Deploying Telegraf plug-in to monitor cloud and virtualization clusters

Monitoring the cloud platforms is critical to organizations. In Telco Network Cloud Manager - Performance, Cloud Monitoring Technology Packs are introduced. These packs collect performance metrics across the cloud system that can be visualized in the built-in dashboards.

Cluster setup

You require three environments:
  • Cluster where Telco Network Cloud Manager - Performance is installed. It is where the Monitoring Technology Pack is installed.
  • Server where the Telegraf plug-in is installed that can be referred to as the agent environment. This server must be outside the managed cluster that is being monitored.
  • Kubernetes cluster that you want to monitor and collect performance metrics. These metrics are collected and sent to Telco Network Cloud Manager - Performance database for visualization. This cluster can be referred to as the managed cluster.

Telegraf Set up tasks

Before you begin

  • You must install the Telegraf agent and external Kafka in the same network as the managed environment.
  • Get the Telegraf configuration files from the Technology Packs.

    Packs are extracted at /installers/core folder. It is referred to as <DIST_DIR>.

    The M06VTML.tar.gz bundle has the following technology packs:
    • cloud-kubernetes-1.8.0.jar
      Note: You need this Technology pack to monitor the performance of a Kubernetes cluster.
      You can see the following files in the /plugin folder:
      • remote_monitoring.yaml
      • telegraf.conf
      • telegraf_linux_amd64
    • cloud-vmware-vsphere-1.1.0.jar
      Note: You need this technology pack to monitor the performance of a VMware cluster.

Configure the managed Kubernetes cluster to communicate with Telegraf agent

Follow these steps on the Kubernetes cluster that you are trying to monitor:
  1. Copy the remote_monitoring.yaml file from the <DIST_DIR> where you extracted the cloud-kubernetes-1.8.0.jar file.

    Custom Resource Definition that can create the namespace, serviceaccount, ClusterRole, and ClusterRoleBinding objects for the managed cloud cluster. These objects are needed to connect the Telegraf agent with the managed cloud cluster.

  2. Run the following command to apply the Custom Resource definition:
    kubectl apply -f remote_monitoring.yaml
    The following objects are created:
    • Namespace – remote-telegraf-ns
    • Service account – remote-telegraf-account
    • ClusterRole – remote-telegraf-roles
    • ClusterRoleBindings – remote-telegraf-rolebind , remote-telegraf-scc-rolebind, remote-telegraf-kubelet-rolebind
  3. Verify that the token is generated under the remote-telegraf-ns namespace with the following command:
    kubectl get secret -n remote-telegraf-ns

    A token is generated. For example, remote-telegraf-account-token_<value>.

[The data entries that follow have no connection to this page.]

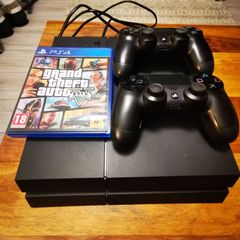 PS4 + 2 controllers + 1 game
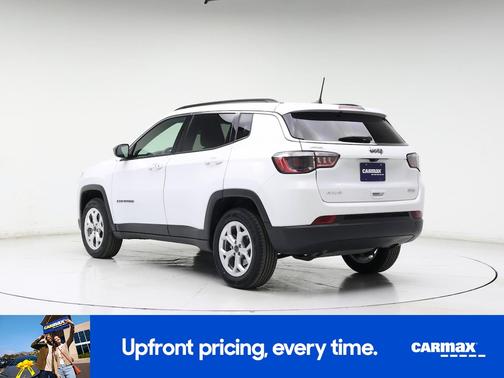 White 2025 Jeep Compass Latitude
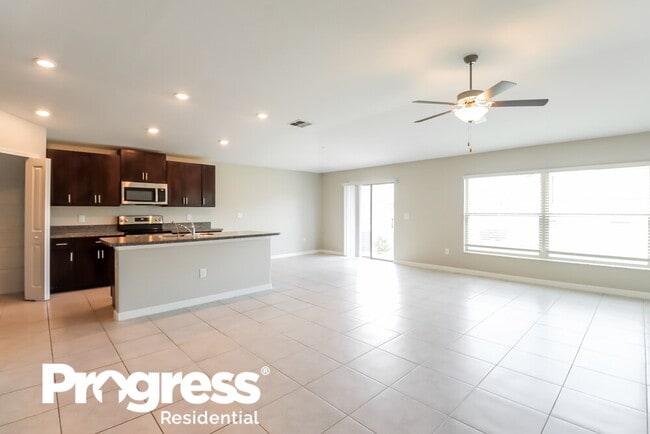 Building Photo - 1533 Blue Rose Dr
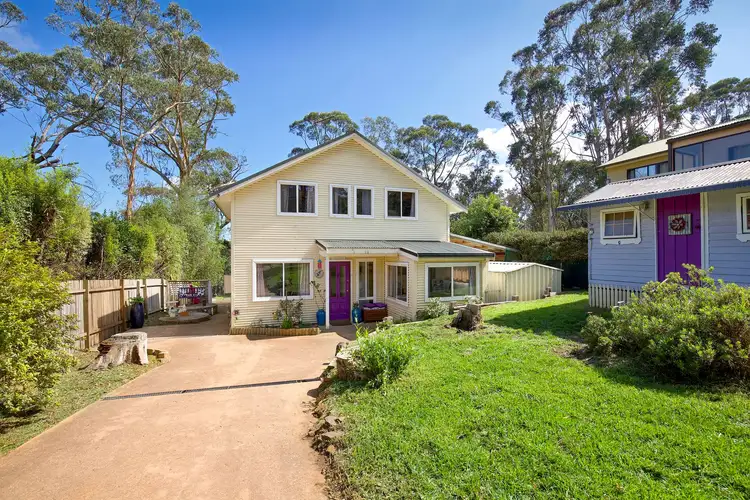 24 Blue Gum Avenue, Medlow Bath NSW 2780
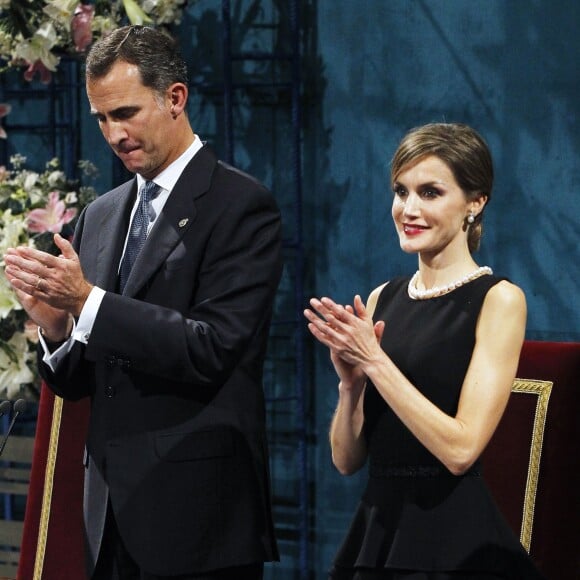 La reine Letizia et le roi Felipe VI d'Espagne présidaient la cérémonie des Prix Princesse des Asturies le 23 octobre 2015 au Théâtre Campoamor à Oviedo.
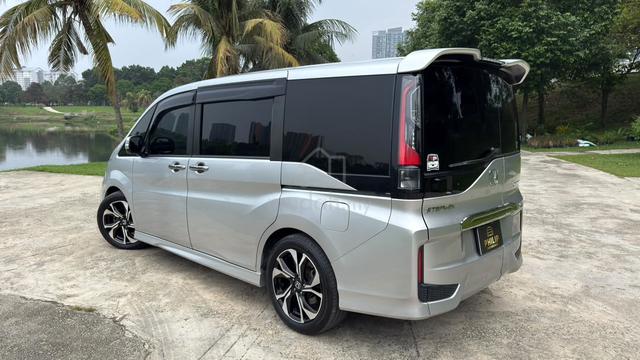 2017 HONDA STEPWAGON SPADA 1.5 Still Can Full Loan - 5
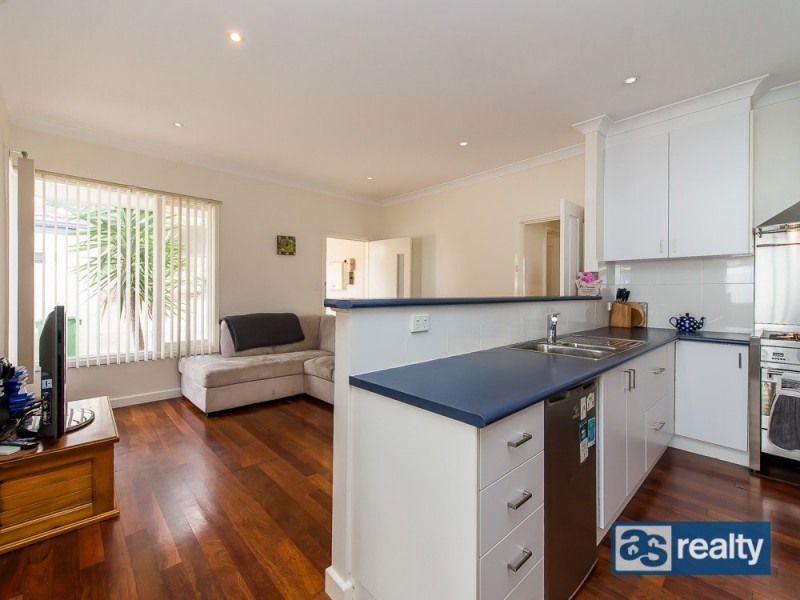 116 Drake Street, Embleton WA 6062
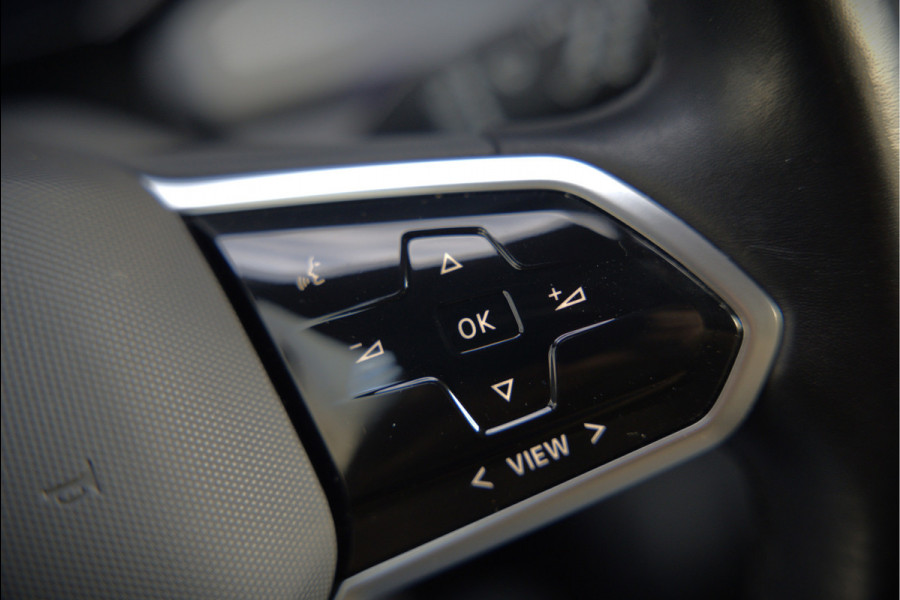 Volkswagen ID.3 First Plus 58 kWh | Stoelverwarming | Stuurverwarming | Camera | Adaptive Cruise Control | Navigatie | Standkachel | Keyless | Parkeersensoren | LED | Apple Carplay | BTW |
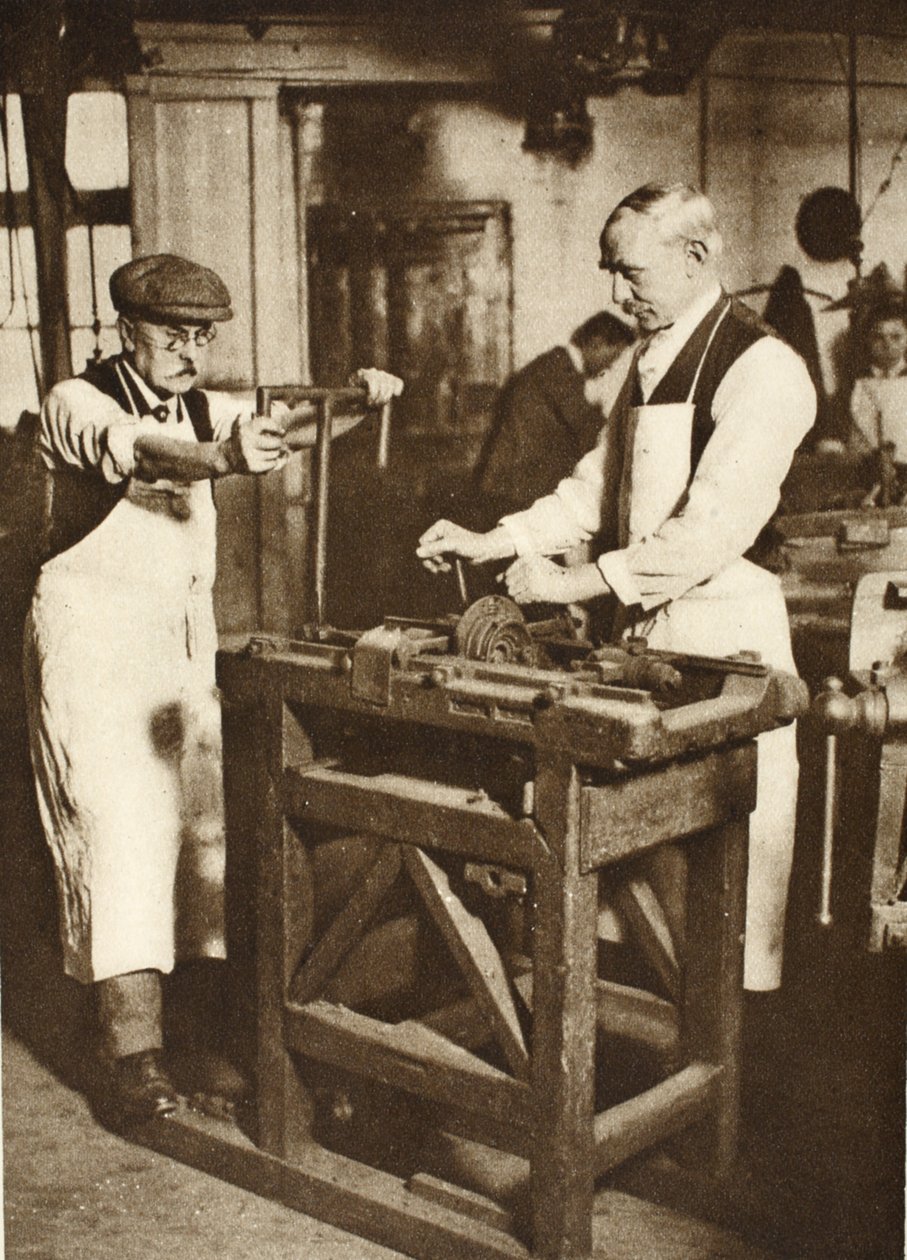 Due anziani fabbri che tagliano barili di chiavi, da Wonderful London, pubblicato 1926-27 da English Photographer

  4. Copy and use the token that is generated in the previous step to get the secret with the following command:
    kubectl describe secret remote-telegraf-account-token-q9qq4  -n  remote-telegraf-ns
    Note: Token is used as the bearer_token_string during the configuration of Telegraf.
  5. To monitor etcd component, copy the etcd certificates and key from this managed Kubernetes environment to system where the Telegraf agent is installed. The certificates (apiserver-etcd-client.crt and apiserver-etcd-client.key) are usually at /etc/kubernetes/pki.
  6. Run the following commands to get the managed cluster details.
    To get apiserver URL, run the kubectl cluster-info command.
    Note: The apiserver URL is needed in both Kubernetes plugin and kube_inventory plugin during Telegraf setup.

    To get nodeIP, run the kubectl get nodes -o wide command.

  7. To get nodePorts, run the kubectl cluster-info dump > dump.txt command.
    Search for daemonEndpoints in the dump.txt file. For each node, one daemonEndpoints block is available, which contain the port of kubelet.deamonEndpoints
    Note: Apiserver URL, NodeIP, and nodePorts are used to configure the Kubernetes plug-in of Telegraf agent.
  8. To get the apiserver_url, scheduler_url, and controller_url, follow these steps:
    • In the managed Kubernetes cluster, go to /etc/kubernetes/manifests and locate the following files:
      • etcd.yaml

        The default port for etcd is 2379.

      • kube-apiserver.yaml

        The default port for api-sever is 6443.

      • kube-scheduler.yaml

        The default port for scheduler is 10259.

      • kube_controller-manager.yaml

        The default port for controller is 10257.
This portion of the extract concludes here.